Sous ces conditions, l'Uncam a proposé une rémunération pour le médecin requis de 12 euros pour les TLE niveau 1 (dans la limite de quatre actes par an/médecin/patient) et de 20 euros pour les TLE niveau 2 (dans la limite de deux actes par an/médecin/patient).

Parallèlement, le médecin traitant requérant percevrait une rémunération à travers le forfait patientèle médecin traitant (FPMT) soit 150 euros par an à partir du moment où il a requis au minimum 30 TLE.

S'agissant de la téléconsultation (TLC), le principe est celui d'une "consultation à distance entre un médecin et un patient, ce dernier pouvant être assisté par un autre professionnel de santé".

Les médecins requis et requérant peuvent être de tout mode d'exercice et de toute spécialité médicale. Les patients sont les mêmes que ceux pouvant bénéficier d'une TLE et doivent être déjà connus du médecin requis. L'activité de TLC doit se faire en alternance avec la consultation physique et respecter le parcours de soins classique, indique encore l'Uncam.

En outre, la TLC doit être réalisée en "vidéotransmission dans des conditions d'équipements et d'accompagnements adaptées aux situations cliniques des patients". Elle doit aussi être réalisée dans des "conditions permettant de garantir la sécurisation des données transmises et la traçabilité de la facturation des actes réalisés".

Pour inciter les médecins à s'équiper, l'Uncam propose de valoriser le forfait structure, à partir de 2019, de 50 points soit 350 euros. La rémunération de la TLC est la même que pour un acte de consultation classique soit 25 euros pour un médecin généraliste et 30 euros pour un spécialiste.

Pour la Confédération des syndicats médicaux français (CSMF), non signataire de la convention, "les valeurs proposées sont de toute évidence trop basses et ne permettraient pas un développement de la télémédecine comme la ministre de la santé le souhaite", indique-t-elle dans sa newsletter.

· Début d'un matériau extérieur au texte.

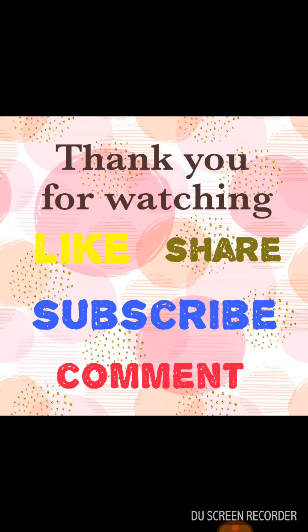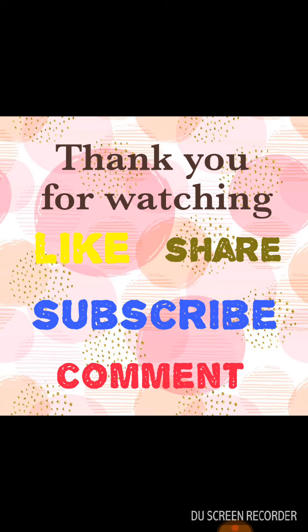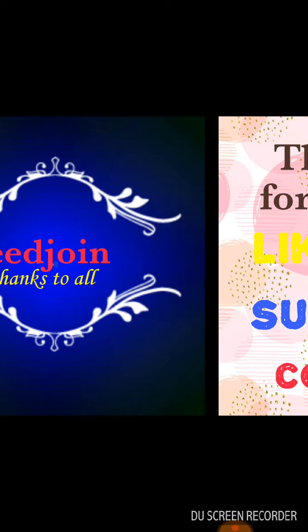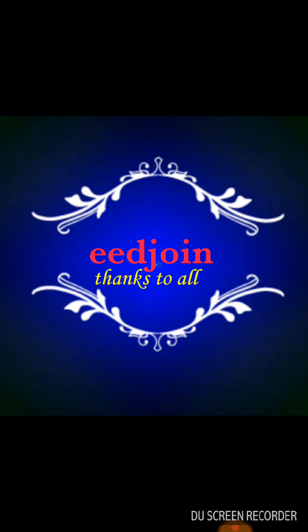I hope I covered big data, its sources, examples, applications, big data analytics, challenges, tools and technologies, data visualization, and dashboards. Like, share, subscribe, and comment. Thanks for watching. Thank you.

Le Syndicat des médecins libéraux (SML) s'interroge également dans un communiqué sur "le choix de faire transiter la rémunération du médecin requérant via le forfait patientèle qui revient à en exclure les praticiens exerçant en secteur 2" et souhaite "qu'il puisse être revu en même temps que son niveau".

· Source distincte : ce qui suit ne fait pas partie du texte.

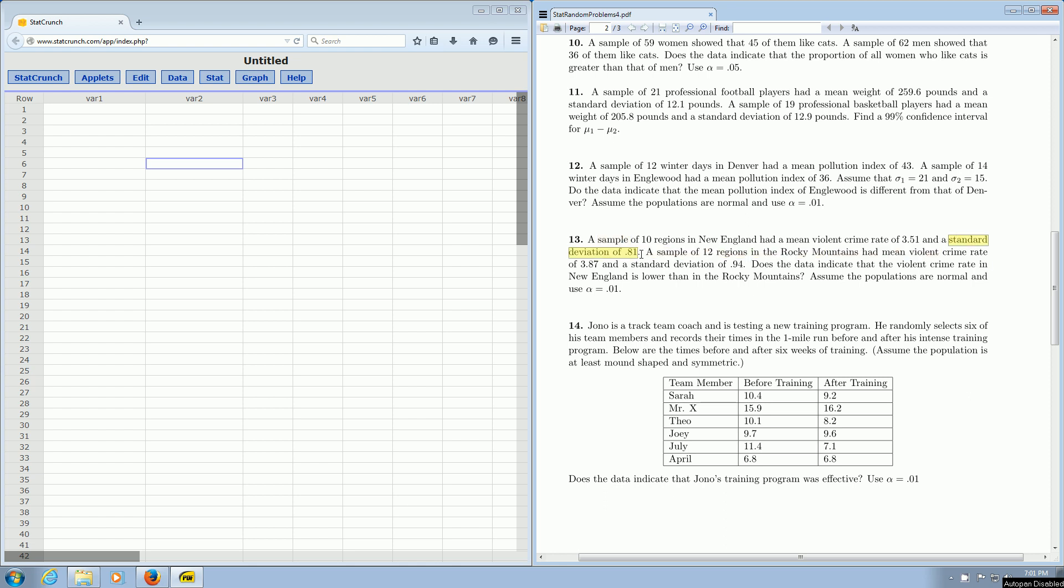So that tells us we want to use t-statistics. If you keep reading, it talks about the Rocky Mountains, and then the last sentence says, does the data indicate that the violent crime rate in New England is lower than in the Rocky Mountains? I'm just going to show you how to find the p-value for this problem. Because it gives us the sample standard deviation, you want to use t.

Le regroupement autonome des généralistes jeunes installés et remplaçants (Reagjir), syndicat non représentatif mais autorisé à assister aux négociations, estime qu'un "financement trop restrictif pourrait être un frein" et préconise "la forfaitisation de l'achat de matériel pour compenser l'investissement technologique initial et les frais de fonctionnement".

Trois nouvelles séances de négociation sont prévues dans les prochaines semaines.